Я помню, когда в театральное пространство ворвался Борис Луценко со своим стилем и почерком, вокруг него тоже была своя команда. В театре у режиссера должны быть единомышленники. Некоторые режиссеры, пусть даже такие талантливые, как Захаров или Луценко, загораются и гаснут, не успевают раскрыть себя, не находят отклика. Для этого должны быть еще и благоприятные обстоятельства. Иногда зритель не хочет идти за творцом.

Когда я ступила на режиссерскую тропу, у меня уже сложилось мое мировоззрение и мое восприятие театра. Меня не сразу принимали актеры и зрители. У некоторых моих спектаклей сложная судьба. Находились те, кто неделями на кухнях восторженно обсуждал постановку “Папа, папа, бедный папа...” по Артуру Копиту, и те, кто после нее звонил: “Уберите Еренькову из театра! Она — разрушитель, ее нельзя держать в этих стенах”. Но иногда подсознание зрителя работало на этом спектакле, и появлялся отклик, обратная реакция, на которую я рассчитывала. 
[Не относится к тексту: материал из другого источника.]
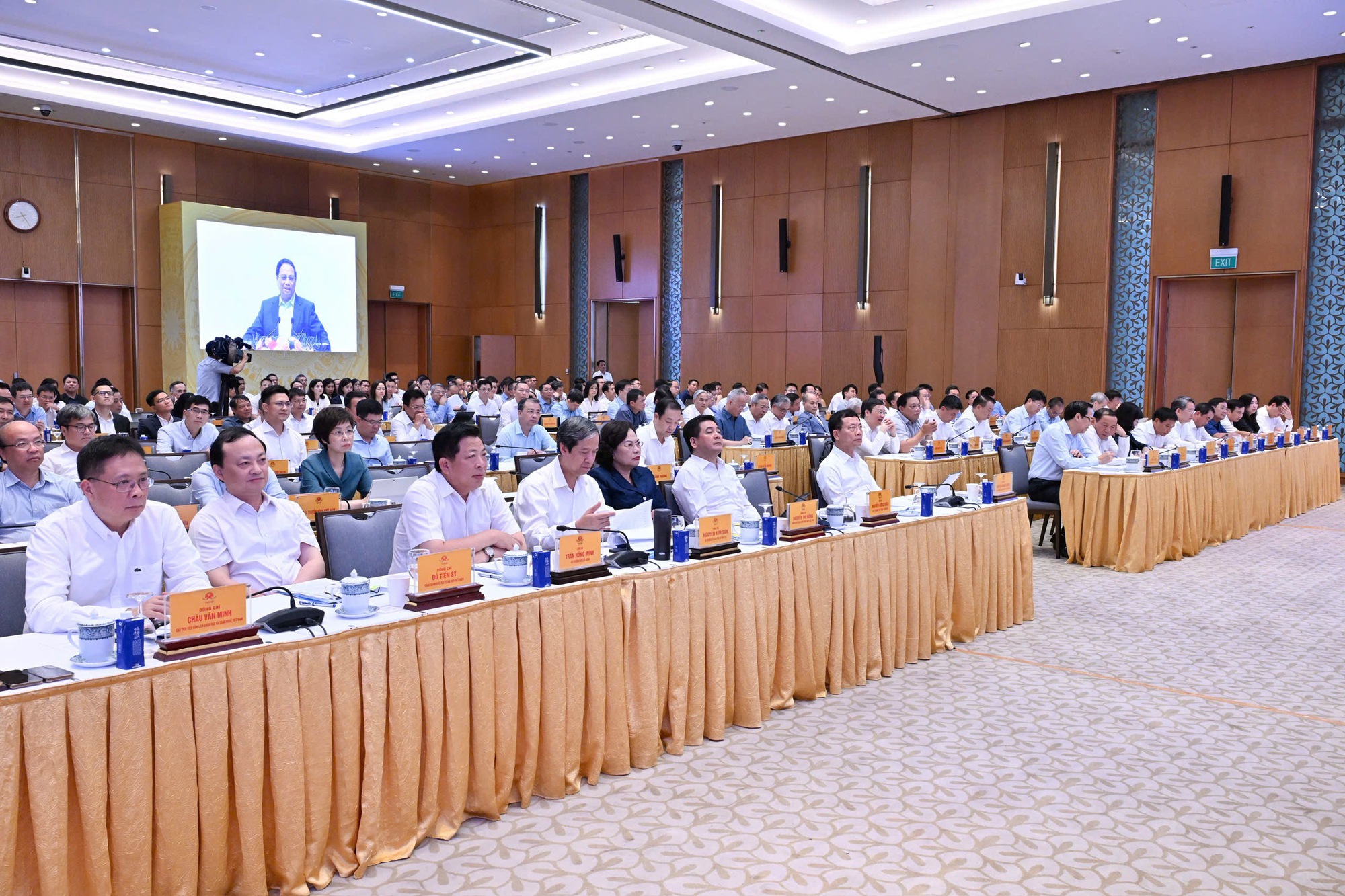 Thủ tướng: Đãi ngộ đặc biệt để thu hút tổng công trình sư, nhân tài khoa học công nghệ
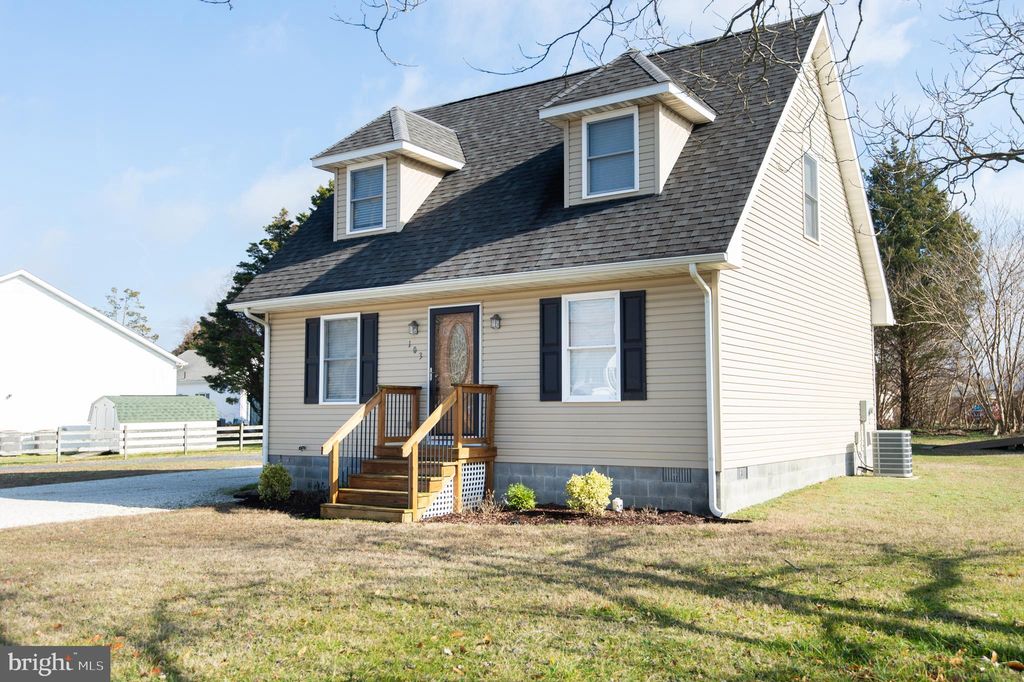 103 Academy St, Secretary, MD 21664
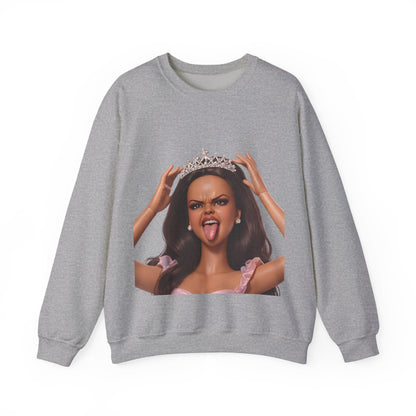 Barbicore Sweatshirt – Freches Doll-Motiv mit Tiara & Zunge raus | Pinkes Puppen-Design für Fans, Ironie & Statement-Fashion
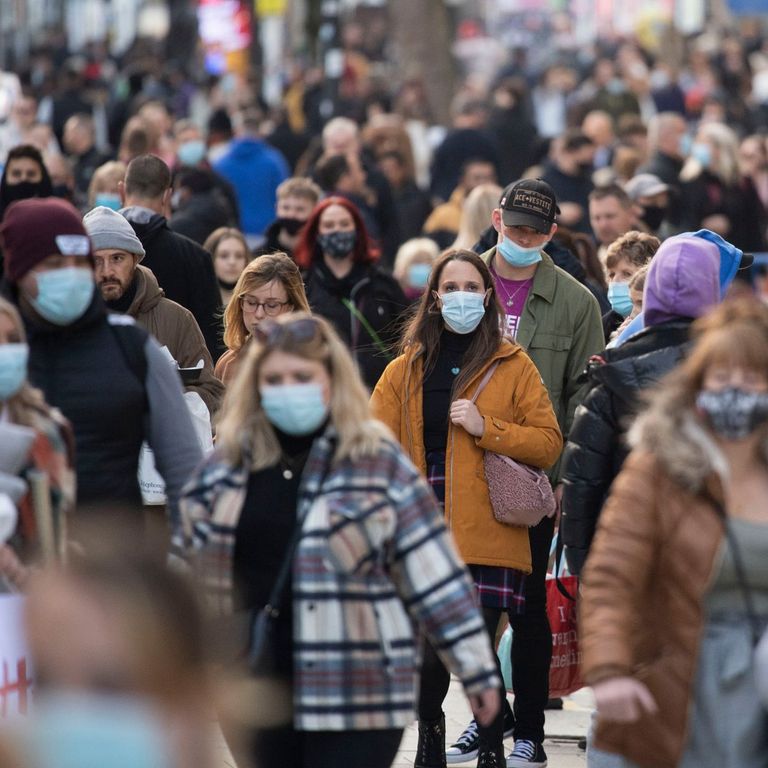 أشخاص ينتظرون إجراء اختبارات الكشف عن كورونا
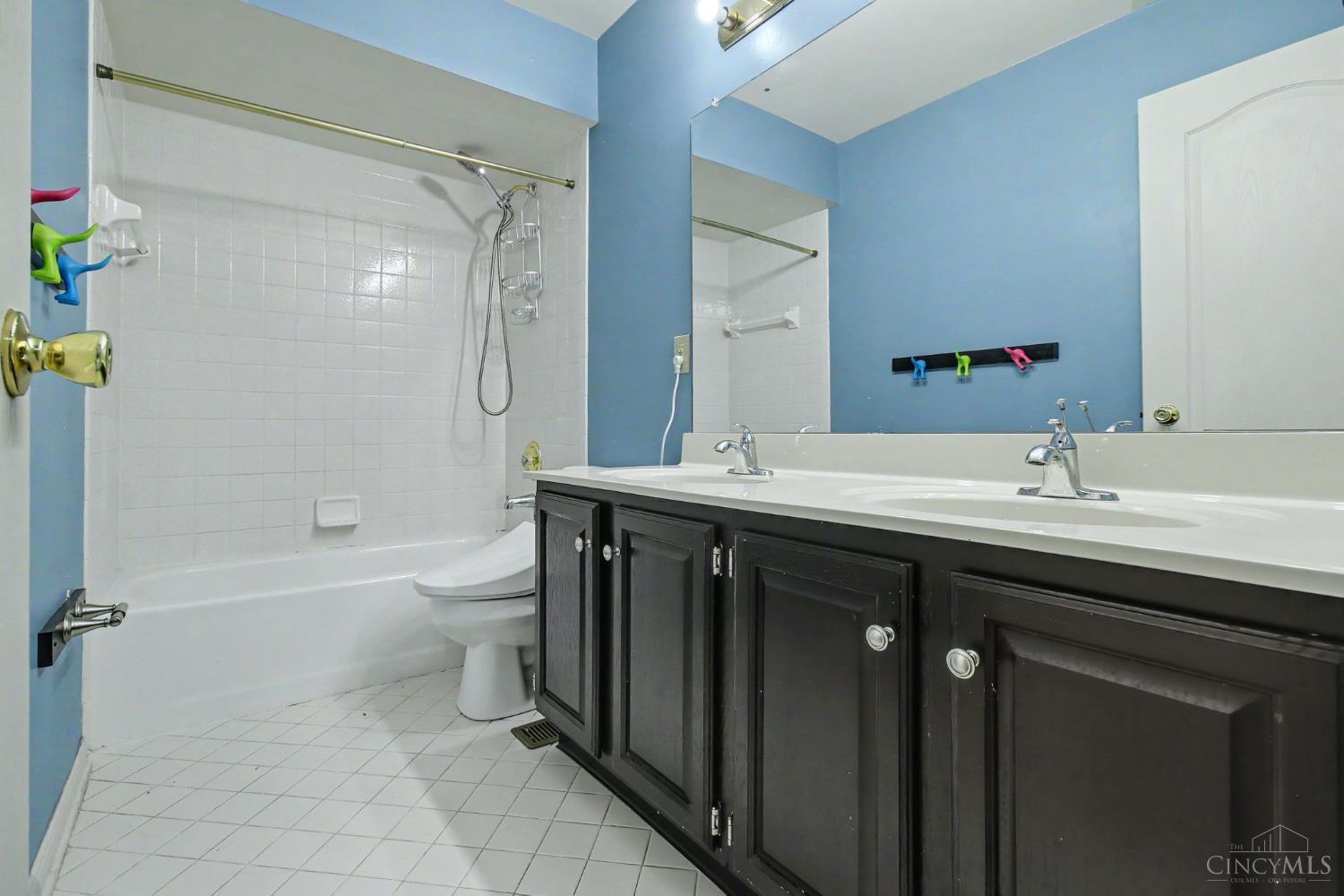 7279 Rolling Meadows Drive, West Chester, OH, 45069 — photo 9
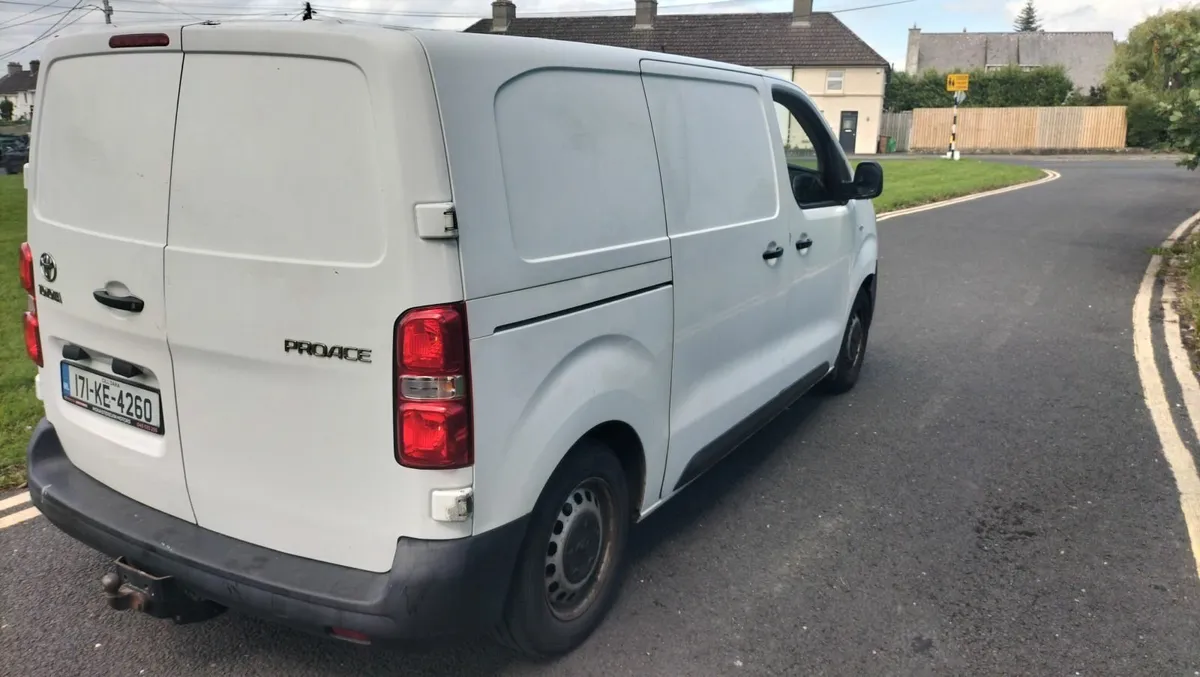 17 Toyota Proace New Doe - Image 4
Театр должен меняться. Все-таки на дворе другой век, другие скорости, другие способы выражения творческих и технических задач. Если это талантливо, почему это не может быть? Я не призываю к чему-то негативному. Но театр должен быть ярким, понятным, острым. Формы выражения могут быть любыми. Я не принимаю только документальный театр, когда на сцене дословно воспроизводят повседневную речь и ситуации. Для меня это не столь интересно. Все происходящее сегодня на планете для меня и есть документальный театр. Он поучает, настораживает и заставляет задумываться. Также не люблю постановки в стиле “Камеди Клаб”.
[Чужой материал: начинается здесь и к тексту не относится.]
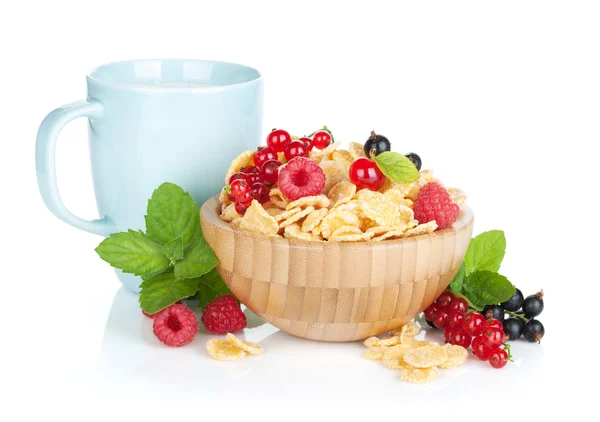 Frische Cornflakes mit Beeren — Stockfoto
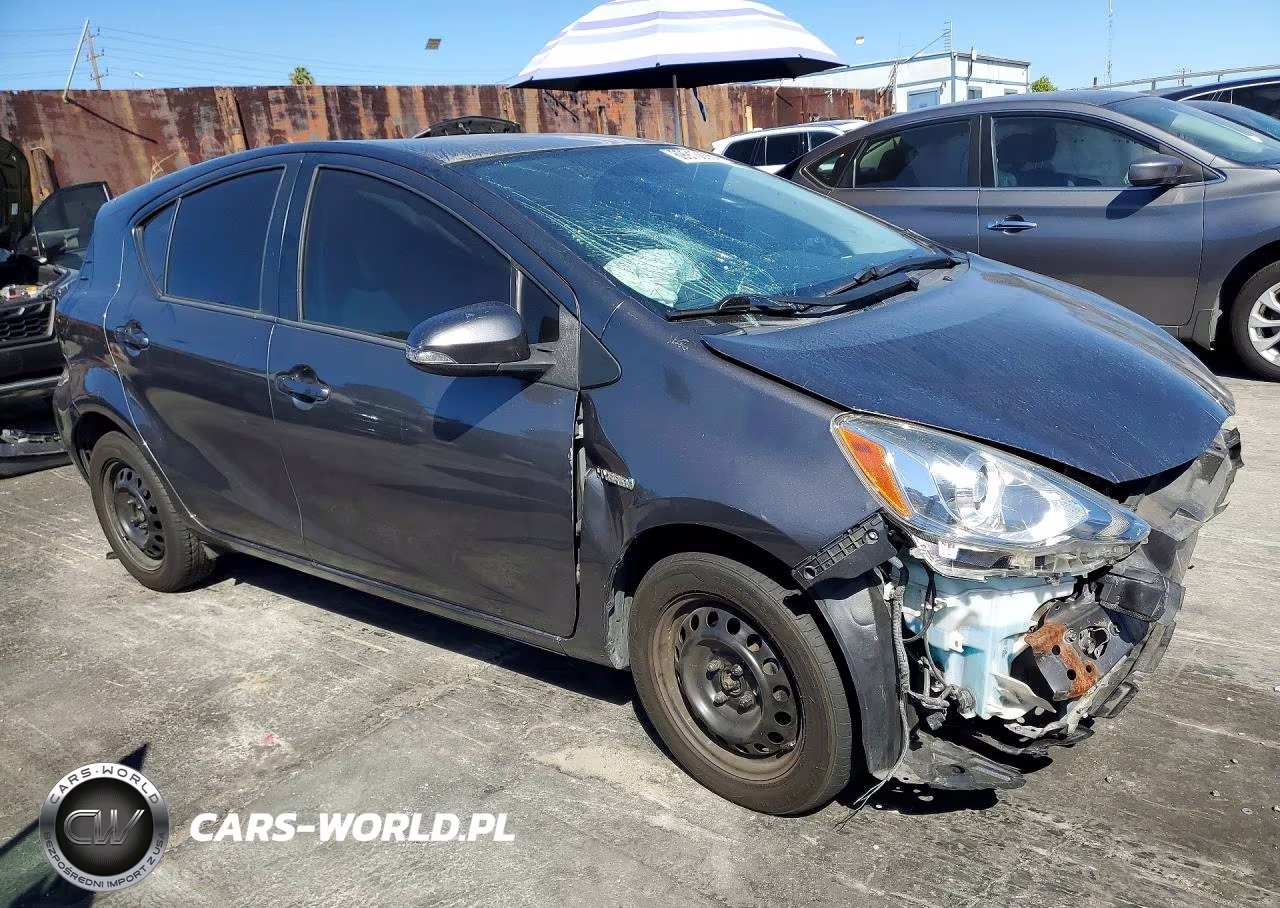 2016 Toyota Prius C One VIN:JTDKDTB3XG1139112 - 4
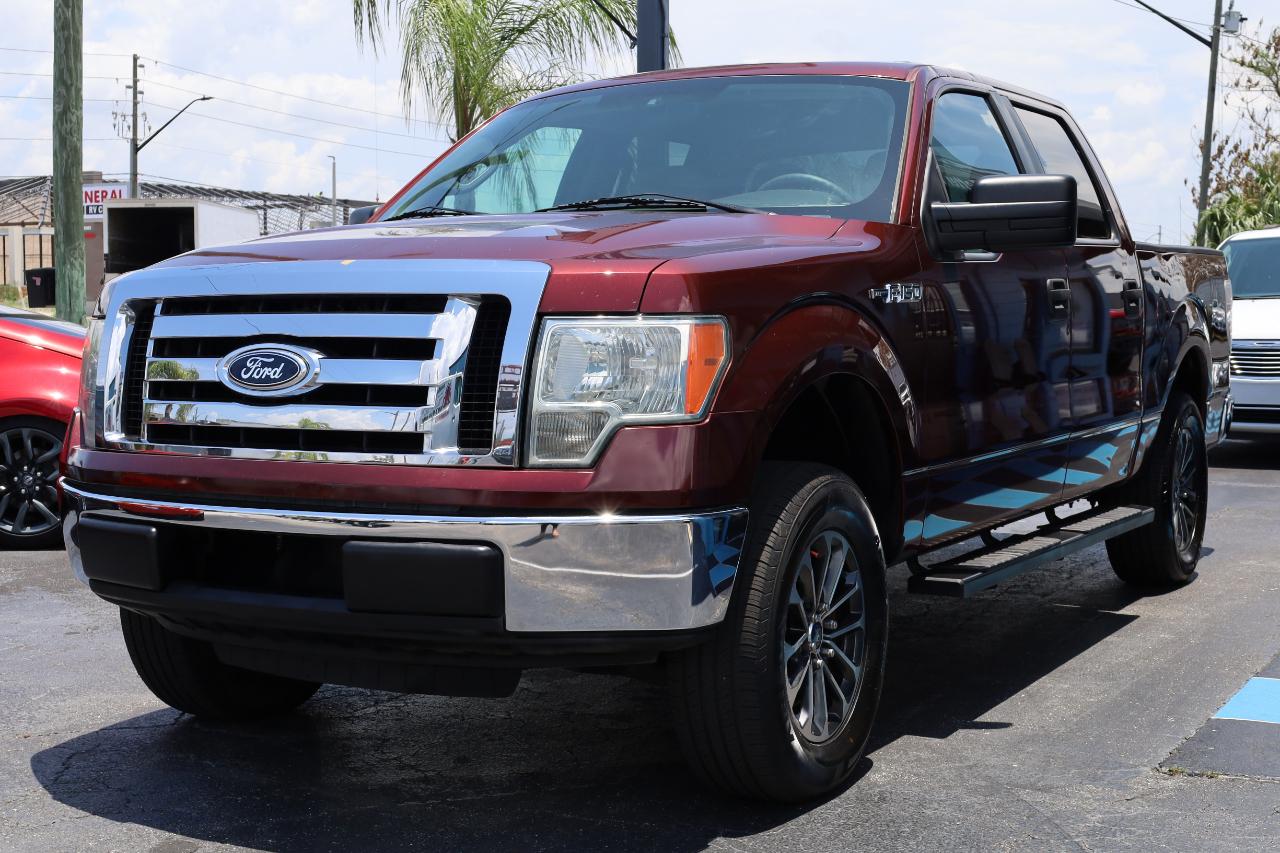 Ford F-150 2WD SuperCrew 145" XLT 2010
Между нашим театром и западным, я уверена, существует взаимообмен. (Хотя порой он и выглядит как массовка на общем благополучном культурном фоне... Мне, например, жаль видеть наших талантливых актеров в шаблонных сериалах. Знаю, что они способны на большее.) На форуме “ТЕАРТ” мы регулярно видим интересные постановки из России и стран ЕС. В этот раз приезжал московский спектакль “Иванов” в постановке известного российского режиссера Тимофея Кулябина. Мне весьма импонирует этот режиссер. Он очень интересно раскрыл пьесу. Я видела, как внимательно воспринимали спектакль зрители, как по-новому зазвучал сегодня Чехов. Могилев уже сколько лет живет фестивалем “M@rt.kontakt”. 

Я видела, какое воодушевление он вызывает и у простых зрителей, и у театралов. И, конечно, тот, кто придет на эти фестивали, вынесет из их программы что-то конкретно для себя.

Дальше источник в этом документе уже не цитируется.